Kenneth Branagh est décidément un cinéaste déroutant, un animal à part. Le genre “franc-tireur” qui part dans tous sens sans forcément avoir un plan de bataille. Dès la fin des années 80, son déboulé tonitruant de la scène classique aux plateaux de cinéma avec son adaptation du Henry V de William Shakespeare avait donné le frisson à tous les exégètes de la chose et les nostalgiques d’un certain Laurence Olivier dont ils virent rapidement l’ombre d’une succession probablement trop facile. À moins de trente ans, la comparaison porte large et va même effleurer Orson Welles dont il n’épouse pourtant pas les aspects les plus baroques. Mis sur orbite, sa trajectoire n’aura pourtant rien de rectiligne. S’il revient régulièrement aux “classiques” (Beaucoup de Bruit pour Rien, Hamlet, Peines d’amour perdues, Comme il vous plaira), Hollywood s’empare immédiatement du phénomène sans qu’il ne s’en accommode jamais vraiment. Que ce soit le fantastique de Shelley (Frankenstein), le policier facétieux d’Agatha Christie (Le Crime de l’Orient Express, Mort du le Nil), le suspense de Tom Clancy (Jack Ryan), le Disney ripoliné (Cendrillon) ou le MCU dévitalisé (Thor), Branagh ne parvient jamais à être lui-même, son statut relevant plus d’un simple exécutant, et on lui préfèrera des films plus modestes comme “Peter’s Friends” (1992), “Au beau milieu de l’hiver” (1995) ou “All is True” (2018).  Après le naufrage de Artemis Fowl (2020), Kenneth Branagh souhaite revenir à l’essentiel. En mars 2020, il entame l’écriture de Belfast, son projet le plus intime et le plus personnel. Comme un remède, une carte postale du passé, tout se fait très rapidement, le tournage ayant lieu quelques mois plus tard pour s’achever en octobre.

Autobiographie revisitée. Flash-back. Belfast suit, l’itinéraire de Buddy, gamin de 9 ans en 1969 (l’âge de Branagh à la même époque) qui cherche un sens à la vie, à sa vie, dans les rues de Belfast, meurtries par le conflit entre catholiques et protestants. Entre les deux communautés les heurts se multiplient. La situation empire de chaque côté des barricades. La question de rester coûte que coûte ou partir et se déraciner va alors se poser. Dilemme. Tensions. Les ficelles du récit initiatique sont là : la famille, le premier amour, la religion, le bien, le mal, la mort et ces petits moments de bonheur. La vie quoi ! En posant sa persona dans la petite histoire, au centre de la grande histoire d’un pays fracturé, Branagh ne cherche pas à faire un film politique et encore moins engagé. C’est aussi sa limite. En ne voulant que capter des petits moments de vérité, ces parcelles de souvenirs authentiques avec une extrême délicatesse, le réalisateur ne passe pas à côté de son sujet, mais, peut-être à côté du vrai sujet. Celui qui aurait habillé le film de ses oripeaux dramatiques, voire tragiques, afin de convoquer d’autres émotions à la hauteur des enjeux.

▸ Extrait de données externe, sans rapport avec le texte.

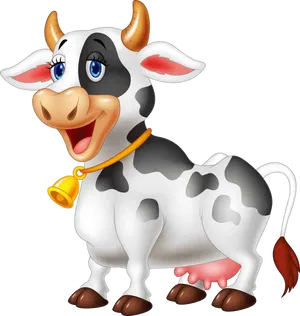 Happy Cartoon Cow Illustration PNG Image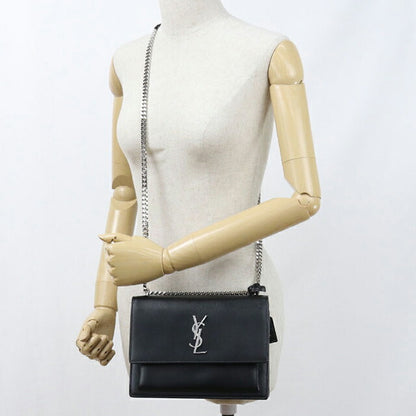 中古 サンローラン ショルダーバッグ レディース ブランド SAINT LAURENT YSLモノグラム サンセット ミディアム レザー 442906 ブラック USDSL104918011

En passant de la couleur au noir et blanc, le regard sur la passé devient dès-lors sur-explicite, mais la photographie de son chef opérateur attitré Haris Zambarloukos dépasse l’effet de style un peu appuyé quand la couleur réapparaît autour d’un film au cinéma ou d’une pièce de théâtre, comme si ces deux autres « mondes » se révélaient au jeune héros fasciné dans toutes leurs dimensions, tous leurs éclats. Un peu facile pour les cœurs de pierre mais l’opératique devrait réchauffer les plus fleurs bleues. D’ailleurs, si la réalisation bouge pas mal dans les premiers moments du film, avec ses mouvements circulaires, ses ralentis, le film devient par la suite plus posé avec de nombreux plans fixes. Une pause dans le temps. Branagh joue alors de la lumière, allant jusqu’à surexposer parfois une image filmée en 35 millimètres non par coquetterie mais pour son aspect plus authentique, la scène de l’hôpital est une bulle d’émotion, de ces visages qu’il scrute pour y puiser l’émotion, du dépouillement des décors en intérieur dans lesquels il se concentre à composer significativement les cadres. Le temps se rythme alors au fil des chansons de l’incontournable Van Morrison (dont une spécialement composée pour le film : « Down to Joy ») et de la bande originale du comparse Patrick Doyle sur ces moments de vie, un peu de danse, du foot, un enterrement festif.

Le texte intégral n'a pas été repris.